Re: Proposal: freeze Thrift starting with 2.1.0

2014-03-11 Thread Edward Capriolo
I can agree with not liking the construction kit approach.

Redis http://redis.io/commands 40 plus commands over telnet.

elastic search: json over http:
http://www.elasticsearch.org/guide/en/elasticsearch/reference/current/search-search.html

couch db: json over http and javascript:
http://docs.couchdb.org/en/latest/intro/tour.html

mongo db: json over binary api, with javascript and in database map reduce.

At this point it is just different strokes for different folks, some people
want a query api because they dont get nosql and some dont.


On Tue, Mar 11, 2014 at 8:35 PM, Jonathan Ellis jbel...@gmail.com wrote:

 I don't think we're well-served by the construction kit approach.
 It's difficult enough to evaluate NoSQL without deciding if you should
 run CQLSandra or Hectorsandra or Intravertandra etc.

 On Tue, Mar 11, 2014 at 7:16 PM, Russell Bradberry rbradbe...@gmail.com
 wrote:
  I didn't mean a someone should maintain a fork of Cassandra. More like
  something that could be dropped in. Just like clients have to keep up
 with
  the server, a project like this would also.  I think if the interface was
  pluggable it would also allow others to expand and come up with new
  interfaces that can possibly expand the user base.  One example would be
 a
  built in REST interface that doesn't rely on an external web server that
  translates requests to CQL, just drop in a JAR and the interface comes
  available.
 
  This would also lend itself to allow anyone to write an interface in any
  (JVM) language they want, if they want to add external stored procedures
  via this interface then they would be able to.   I'm for the removal of
  Thrift in the trunk, but I think there is a use-case for an extensible
  interface.
 
  I still seem to remember there was a few angry users when Avro was
 removed.
 
 
  On Tue, Mar 11, 2014 at 8:04 PM, Edward Capriolo edlinuxg...@gmail.com
 wrote:
 
  With support officially deprecated that will be the only way to go. If a
  user wants to add a function to thrift they will have to fork off
  cassandra, code the function themselves write the internals, manage the
  internals.

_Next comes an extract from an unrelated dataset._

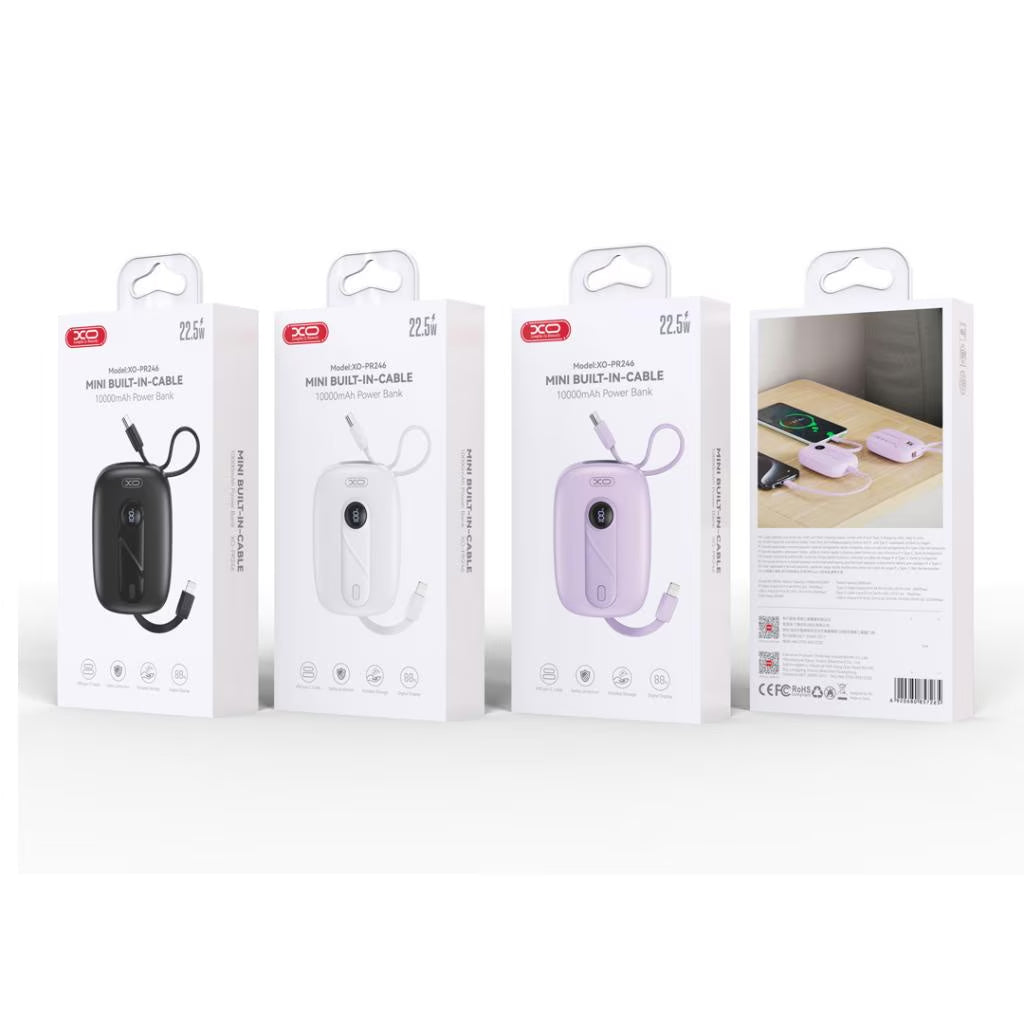 Baterie Externa XO Design PR246, 10000mAh, 22.5W, PD, 1 x Lightning - 2 x USB-C, Mov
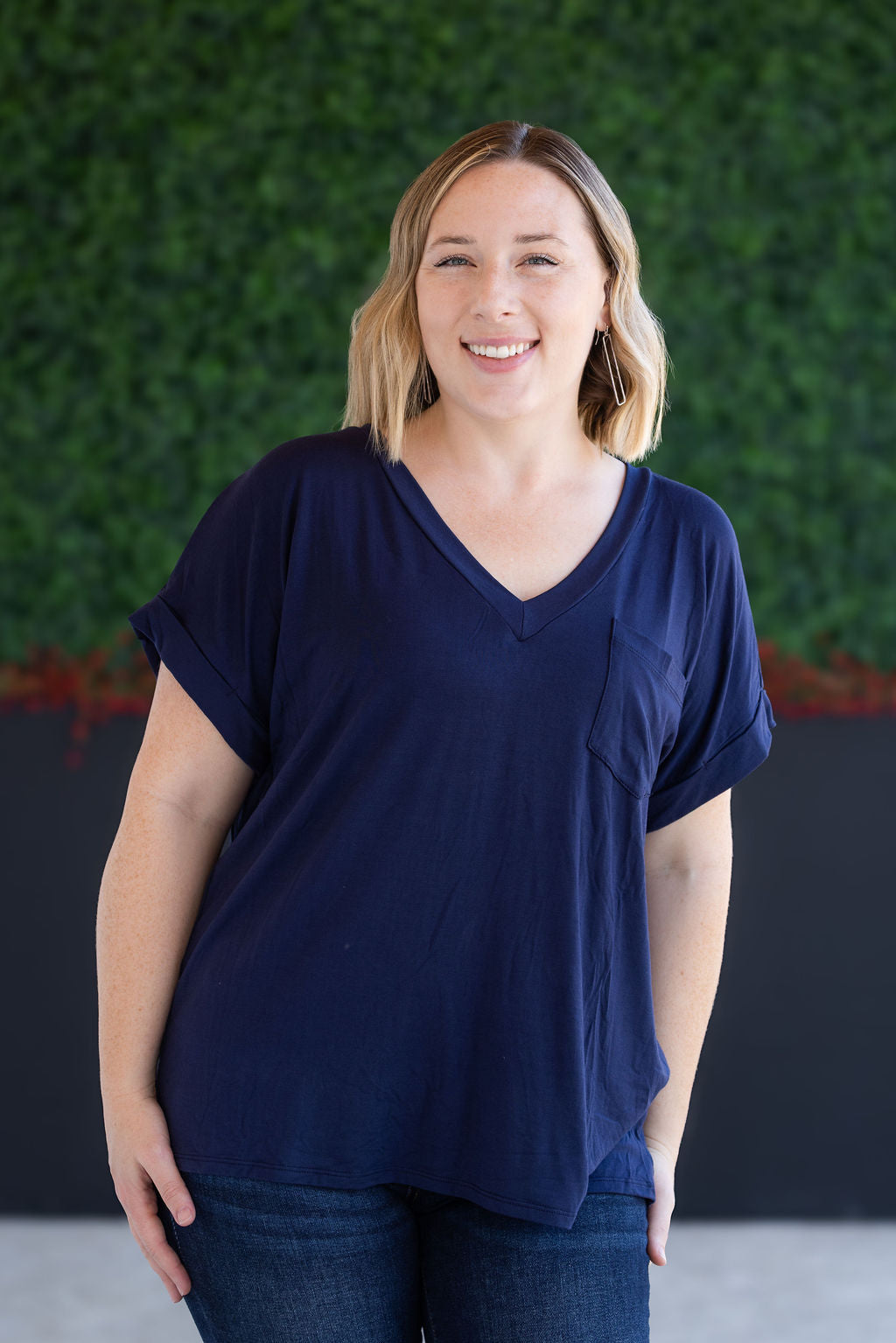 IN STOCK Sierra Pocket Top - Navy FINAL SALE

I see this as being a very hard task because the server could
  change rapidly with no regards to them. Also this could cause a
  proliferation of functions. Could you imagine a thrift server with 300
  methods :). This is why I think keeping the support in trunk and
 carefully
  adding things would be sane, but seemingly no one wants to support it at
  all so a fork is probably in order.
 
 
  On Tue, Mar 11, 2014 at 7:46 PM, Russ Bradberry rbradbe...@gmail.com
  wrote:
 
   I would like to suggest the possibility of having the interface
 somewhat
   pluggable so another project can provide the Thrift interface as a
 drop
  in
   JAR. Thoughts?
  
   Sent from my iPhone
  
On Mar 11, 2014, at 7:26 PM, Edward Capriolo edlinuxg...@gmail.com
 
   wrote:
   
If you are using thrift there probably isn't a reason to upgrade to
 2.1
   
What? Upgrading gets you performance regardless of your api.
   
We have already gone from no new feature talk to less enphisis on
testing.
   
How comforting.
On Tuesday, March 11, 2014, Dave Brosius dbros...@mebigfatguy.com
 
   wrote:
   
+1,
   
altho supporting thrift in 2.1 seems overly conservative.
   
If you are using thrift there probably isn't a reason to upgrade to
  2.1,
in fact doing so will become an increasingly dumb idea as lesser and
   lesser
emphasis will be placed on testing with 2.1+. This would allow us to
greatly simplify the code footprint in 2.1
   
   
   
   
On 03/11/2014 01:00 PM, Jonathan Ellis wrote:
   
CQL3 is almost two years old now and has proved to be the better
 API
that Cassandra needed.  CQL drivers have caught up with and passed
  the
Thrift ones in terms of features, performance, and usability.
  CQL is
easier to learn and more productive than Thrift.
   
With static columns and LWT batch support [1] landing in 2.0.6,
 and
UDT in 2.1 [2], I don't know of any use cases for Thrift that
 can't
  be
done in CQL.  Contrawise, CQL makes many things easy that are
difficult to impossible in Thrift.  New development is
 overwhelmingly
done using CQL.
   
To date we have had an unofficial and poorly defined policy of
 add
support for new features to Thrift when that is 'easy.'  However,
even relatively simple Thrift changes can create subtle
 complications
for the rest of the server; for instance, allowing Thrift range
tombtones would make filter conversion for CASSANDRA-6506 more
difficult.
   
Thus, I think it's time to officially close the book on Thrift.
  We
will retain it for backwards compatibility, but we will commit to
adding no new features or changes to the Thrift API after 2.1.0.
   This
will help send an unambiguous message to users and eliminate any
remaining confusion from supporting two APIs.  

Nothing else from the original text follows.